* _Instructions for the task_
Among the lines below, restate word for word only those from the line with "Paradise Kiss 4" through the line with "дири дири дам - YouTube", with both end lines kept.
(Entries shown)
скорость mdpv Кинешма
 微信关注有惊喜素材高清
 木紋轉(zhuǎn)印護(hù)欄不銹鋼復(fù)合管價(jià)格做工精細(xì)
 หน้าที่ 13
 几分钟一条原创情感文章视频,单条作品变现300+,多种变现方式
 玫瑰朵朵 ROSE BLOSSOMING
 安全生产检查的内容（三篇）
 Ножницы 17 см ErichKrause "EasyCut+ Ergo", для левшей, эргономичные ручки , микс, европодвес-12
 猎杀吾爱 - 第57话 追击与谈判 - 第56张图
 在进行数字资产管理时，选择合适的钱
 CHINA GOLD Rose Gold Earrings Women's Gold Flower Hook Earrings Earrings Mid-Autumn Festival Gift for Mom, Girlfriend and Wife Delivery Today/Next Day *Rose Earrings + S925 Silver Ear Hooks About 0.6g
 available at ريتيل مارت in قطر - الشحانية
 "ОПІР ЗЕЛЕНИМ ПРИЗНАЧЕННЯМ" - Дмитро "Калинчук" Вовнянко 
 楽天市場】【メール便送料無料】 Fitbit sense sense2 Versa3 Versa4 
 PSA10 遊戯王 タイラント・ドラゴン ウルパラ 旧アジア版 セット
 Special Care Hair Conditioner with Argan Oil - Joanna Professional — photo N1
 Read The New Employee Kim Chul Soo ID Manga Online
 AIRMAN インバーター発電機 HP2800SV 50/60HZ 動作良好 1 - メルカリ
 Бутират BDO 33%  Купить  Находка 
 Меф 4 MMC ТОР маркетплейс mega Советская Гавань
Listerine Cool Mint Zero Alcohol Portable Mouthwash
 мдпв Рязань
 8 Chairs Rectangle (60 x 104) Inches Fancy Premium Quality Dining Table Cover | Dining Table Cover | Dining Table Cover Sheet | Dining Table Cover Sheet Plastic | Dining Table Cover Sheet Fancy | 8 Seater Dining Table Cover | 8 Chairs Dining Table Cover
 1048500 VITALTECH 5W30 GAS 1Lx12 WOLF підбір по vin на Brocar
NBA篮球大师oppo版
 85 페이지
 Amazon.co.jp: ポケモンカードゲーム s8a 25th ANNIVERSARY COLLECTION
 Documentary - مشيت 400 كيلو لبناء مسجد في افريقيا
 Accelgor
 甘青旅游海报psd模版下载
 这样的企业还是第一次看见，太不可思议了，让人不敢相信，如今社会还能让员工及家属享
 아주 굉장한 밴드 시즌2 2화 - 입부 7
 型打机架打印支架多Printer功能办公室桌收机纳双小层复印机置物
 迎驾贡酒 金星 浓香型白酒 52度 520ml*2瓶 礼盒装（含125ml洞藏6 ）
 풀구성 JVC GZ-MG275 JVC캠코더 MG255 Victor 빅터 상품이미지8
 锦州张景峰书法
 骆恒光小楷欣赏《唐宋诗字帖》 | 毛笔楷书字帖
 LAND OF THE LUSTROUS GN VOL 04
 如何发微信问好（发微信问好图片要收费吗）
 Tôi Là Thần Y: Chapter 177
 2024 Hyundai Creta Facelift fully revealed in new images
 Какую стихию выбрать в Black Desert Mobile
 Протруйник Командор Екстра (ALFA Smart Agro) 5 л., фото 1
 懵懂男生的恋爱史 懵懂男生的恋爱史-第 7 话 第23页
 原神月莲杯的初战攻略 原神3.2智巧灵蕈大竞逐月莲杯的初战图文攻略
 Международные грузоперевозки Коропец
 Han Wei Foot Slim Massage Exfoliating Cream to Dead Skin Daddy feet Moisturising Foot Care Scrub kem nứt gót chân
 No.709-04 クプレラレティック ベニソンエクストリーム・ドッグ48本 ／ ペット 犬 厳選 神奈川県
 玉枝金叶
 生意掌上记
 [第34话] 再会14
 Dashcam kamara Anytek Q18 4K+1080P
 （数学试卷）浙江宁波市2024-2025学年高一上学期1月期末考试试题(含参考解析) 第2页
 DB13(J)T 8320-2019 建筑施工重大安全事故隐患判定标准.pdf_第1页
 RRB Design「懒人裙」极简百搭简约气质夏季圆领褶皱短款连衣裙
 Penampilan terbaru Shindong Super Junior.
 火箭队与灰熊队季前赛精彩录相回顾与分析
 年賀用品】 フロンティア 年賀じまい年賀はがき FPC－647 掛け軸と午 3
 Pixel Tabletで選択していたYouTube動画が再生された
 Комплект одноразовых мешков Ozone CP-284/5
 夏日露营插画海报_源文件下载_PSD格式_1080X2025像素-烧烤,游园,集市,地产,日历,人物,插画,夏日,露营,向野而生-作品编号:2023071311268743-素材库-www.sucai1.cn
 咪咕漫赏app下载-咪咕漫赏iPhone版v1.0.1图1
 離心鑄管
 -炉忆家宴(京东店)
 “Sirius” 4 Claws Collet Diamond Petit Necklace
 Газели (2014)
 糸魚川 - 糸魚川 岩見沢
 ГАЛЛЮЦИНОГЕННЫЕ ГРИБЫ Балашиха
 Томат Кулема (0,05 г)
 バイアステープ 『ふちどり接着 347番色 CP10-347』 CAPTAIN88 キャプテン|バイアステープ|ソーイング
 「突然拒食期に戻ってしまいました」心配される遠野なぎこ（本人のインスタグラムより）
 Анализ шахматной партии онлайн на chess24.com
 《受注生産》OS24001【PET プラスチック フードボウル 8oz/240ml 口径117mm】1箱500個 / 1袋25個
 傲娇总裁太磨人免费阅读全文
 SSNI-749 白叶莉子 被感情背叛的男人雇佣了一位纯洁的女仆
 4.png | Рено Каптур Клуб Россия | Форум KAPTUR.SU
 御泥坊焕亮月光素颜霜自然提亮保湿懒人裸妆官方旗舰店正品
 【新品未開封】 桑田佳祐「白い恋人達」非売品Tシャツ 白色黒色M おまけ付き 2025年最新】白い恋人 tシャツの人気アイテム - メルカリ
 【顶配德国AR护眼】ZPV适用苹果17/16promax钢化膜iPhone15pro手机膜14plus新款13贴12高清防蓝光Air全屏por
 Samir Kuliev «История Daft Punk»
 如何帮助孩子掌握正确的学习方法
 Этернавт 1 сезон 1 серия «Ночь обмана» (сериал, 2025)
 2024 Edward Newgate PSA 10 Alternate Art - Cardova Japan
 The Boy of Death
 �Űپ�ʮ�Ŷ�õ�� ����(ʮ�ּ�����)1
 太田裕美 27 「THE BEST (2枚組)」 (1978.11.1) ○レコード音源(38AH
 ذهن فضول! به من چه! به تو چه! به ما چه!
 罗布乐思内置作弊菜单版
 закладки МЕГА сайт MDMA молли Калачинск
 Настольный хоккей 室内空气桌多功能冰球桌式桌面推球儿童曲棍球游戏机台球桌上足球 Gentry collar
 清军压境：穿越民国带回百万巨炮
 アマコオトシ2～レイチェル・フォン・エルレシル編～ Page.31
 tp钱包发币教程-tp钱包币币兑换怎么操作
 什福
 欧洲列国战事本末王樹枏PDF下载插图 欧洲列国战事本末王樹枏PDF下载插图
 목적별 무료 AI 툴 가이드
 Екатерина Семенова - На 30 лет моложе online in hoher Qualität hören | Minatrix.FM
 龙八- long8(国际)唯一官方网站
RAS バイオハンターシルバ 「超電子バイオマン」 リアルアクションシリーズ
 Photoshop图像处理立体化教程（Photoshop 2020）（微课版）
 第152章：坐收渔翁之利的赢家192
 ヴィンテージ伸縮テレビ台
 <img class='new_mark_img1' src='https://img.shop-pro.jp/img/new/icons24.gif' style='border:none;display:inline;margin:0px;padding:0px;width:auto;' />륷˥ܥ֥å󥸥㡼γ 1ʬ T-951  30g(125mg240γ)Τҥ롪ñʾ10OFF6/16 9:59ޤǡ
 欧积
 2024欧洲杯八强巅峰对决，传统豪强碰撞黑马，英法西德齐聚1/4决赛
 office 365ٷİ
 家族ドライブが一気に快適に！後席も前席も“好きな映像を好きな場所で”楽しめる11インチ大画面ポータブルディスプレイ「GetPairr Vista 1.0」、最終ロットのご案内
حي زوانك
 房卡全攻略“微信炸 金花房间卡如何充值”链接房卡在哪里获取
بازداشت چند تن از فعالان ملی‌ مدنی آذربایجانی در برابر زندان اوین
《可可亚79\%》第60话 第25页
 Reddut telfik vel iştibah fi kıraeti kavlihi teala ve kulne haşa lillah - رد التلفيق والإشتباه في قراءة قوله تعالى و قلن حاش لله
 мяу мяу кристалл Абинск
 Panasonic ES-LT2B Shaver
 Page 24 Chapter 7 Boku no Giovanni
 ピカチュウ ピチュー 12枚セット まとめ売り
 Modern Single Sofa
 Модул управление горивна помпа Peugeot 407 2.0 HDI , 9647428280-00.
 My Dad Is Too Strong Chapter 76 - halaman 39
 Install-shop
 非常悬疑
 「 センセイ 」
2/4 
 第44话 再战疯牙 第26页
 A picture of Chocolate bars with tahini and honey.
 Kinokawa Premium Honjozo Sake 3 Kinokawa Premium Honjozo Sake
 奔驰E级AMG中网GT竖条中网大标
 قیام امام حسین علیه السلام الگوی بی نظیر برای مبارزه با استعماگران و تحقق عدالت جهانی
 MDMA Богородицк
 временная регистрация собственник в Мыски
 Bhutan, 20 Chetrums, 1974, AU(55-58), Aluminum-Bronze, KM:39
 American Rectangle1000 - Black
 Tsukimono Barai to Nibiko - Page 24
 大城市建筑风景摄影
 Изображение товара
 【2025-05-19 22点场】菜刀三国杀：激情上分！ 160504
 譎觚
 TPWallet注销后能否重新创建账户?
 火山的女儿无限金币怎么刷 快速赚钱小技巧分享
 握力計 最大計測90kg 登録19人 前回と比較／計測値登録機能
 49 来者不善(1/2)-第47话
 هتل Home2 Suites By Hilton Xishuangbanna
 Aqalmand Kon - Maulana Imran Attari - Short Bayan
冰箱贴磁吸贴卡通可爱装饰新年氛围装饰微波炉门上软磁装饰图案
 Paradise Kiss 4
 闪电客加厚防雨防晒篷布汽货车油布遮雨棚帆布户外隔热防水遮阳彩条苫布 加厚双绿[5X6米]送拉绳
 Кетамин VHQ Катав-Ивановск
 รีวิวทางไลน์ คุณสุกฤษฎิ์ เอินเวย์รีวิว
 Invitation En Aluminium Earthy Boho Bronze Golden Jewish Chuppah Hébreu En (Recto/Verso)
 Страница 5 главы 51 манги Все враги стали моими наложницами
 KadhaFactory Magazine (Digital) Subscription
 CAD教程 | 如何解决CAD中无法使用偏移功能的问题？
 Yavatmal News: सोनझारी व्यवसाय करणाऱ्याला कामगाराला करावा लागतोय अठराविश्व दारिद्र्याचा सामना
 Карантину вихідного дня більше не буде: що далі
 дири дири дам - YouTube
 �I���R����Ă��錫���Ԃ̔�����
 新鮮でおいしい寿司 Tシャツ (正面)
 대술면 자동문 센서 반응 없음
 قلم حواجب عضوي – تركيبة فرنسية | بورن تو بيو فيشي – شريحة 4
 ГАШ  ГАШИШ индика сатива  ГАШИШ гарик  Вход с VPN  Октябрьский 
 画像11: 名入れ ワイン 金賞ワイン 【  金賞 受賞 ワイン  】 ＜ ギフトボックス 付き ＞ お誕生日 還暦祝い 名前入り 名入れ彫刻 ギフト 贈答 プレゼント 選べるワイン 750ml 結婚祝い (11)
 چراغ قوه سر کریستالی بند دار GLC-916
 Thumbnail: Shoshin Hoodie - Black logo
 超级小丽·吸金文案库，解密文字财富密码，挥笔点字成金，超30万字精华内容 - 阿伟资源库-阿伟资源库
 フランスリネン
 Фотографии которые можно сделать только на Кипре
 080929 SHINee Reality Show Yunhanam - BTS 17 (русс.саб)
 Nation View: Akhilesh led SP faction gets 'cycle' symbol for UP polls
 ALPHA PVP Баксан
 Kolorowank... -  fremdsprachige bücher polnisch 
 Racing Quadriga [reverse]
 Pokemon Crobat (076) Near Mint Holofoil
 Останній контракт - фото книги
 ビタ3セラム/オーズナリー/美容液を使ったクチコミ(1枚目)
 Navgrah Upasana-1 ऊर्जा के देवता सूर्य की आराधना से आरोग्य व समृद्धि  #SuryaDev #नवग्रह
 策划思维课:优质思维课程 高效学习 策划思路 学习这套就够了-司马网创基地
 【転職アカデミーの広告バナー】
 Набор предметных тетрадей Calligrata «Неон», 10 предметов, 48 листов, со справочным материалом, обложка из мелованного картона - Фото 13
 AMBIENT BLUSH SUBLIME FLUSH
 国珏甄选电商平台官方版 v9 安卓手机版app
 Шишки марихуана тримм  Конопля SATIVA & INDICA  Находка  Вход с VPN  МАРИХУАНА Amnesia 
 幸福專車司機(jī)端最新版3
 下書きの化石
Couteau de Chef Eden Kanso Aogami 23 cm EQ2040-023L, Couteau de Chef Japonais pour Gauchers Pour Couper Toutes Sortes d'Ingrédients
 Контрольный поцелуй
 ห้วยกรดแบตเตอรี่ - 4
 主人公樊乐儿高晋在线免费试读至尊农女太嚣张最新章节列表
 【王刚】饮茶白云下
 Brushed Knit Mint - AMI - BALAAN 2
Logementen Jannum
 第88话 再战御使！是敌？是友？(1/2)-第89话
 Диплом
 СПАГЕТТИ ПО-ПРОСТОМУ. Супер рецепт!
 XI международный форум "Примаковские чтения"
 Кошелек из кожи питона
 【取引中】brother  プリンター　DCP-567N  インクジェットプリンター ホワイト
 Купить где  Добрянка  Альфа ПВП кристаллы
(End Entries shown)
* _Solution to this task_
 Paradise Kiss 4
 闪电客加厚防雨防晒篷布汽货车油布遮雨棚帆布户外隔热防水遮阳彩条苫布 加厚双绿[5X6米]送拉绳
 Кетамин VHQ Катав-Ивановск
 รีวิวทางไลน์ คุณสุกฤษฎิ์ เอินเวย์รีวิว
 Invitation En Aluminium Earthy Boho Bronze Golden Jewish Chuppah Hébreu En (Recto/Verso)
 Страница 5 главы 51 манги Все враги стали моими наложницами
 KadhaFactory Magazine (Digital) Subscription
 CAD教程 | 如何解决CAD中无法使用偏移功能的问题？
 Yavatmal News: सोनझारी व्यवसाय करणाऱ्याला कामगाराला करावा लागतोय अठराविश्व दारिद्र्याचा सामना
 Карантину вихідного дня більше не буде: що далі
 дири дири дам - YouTube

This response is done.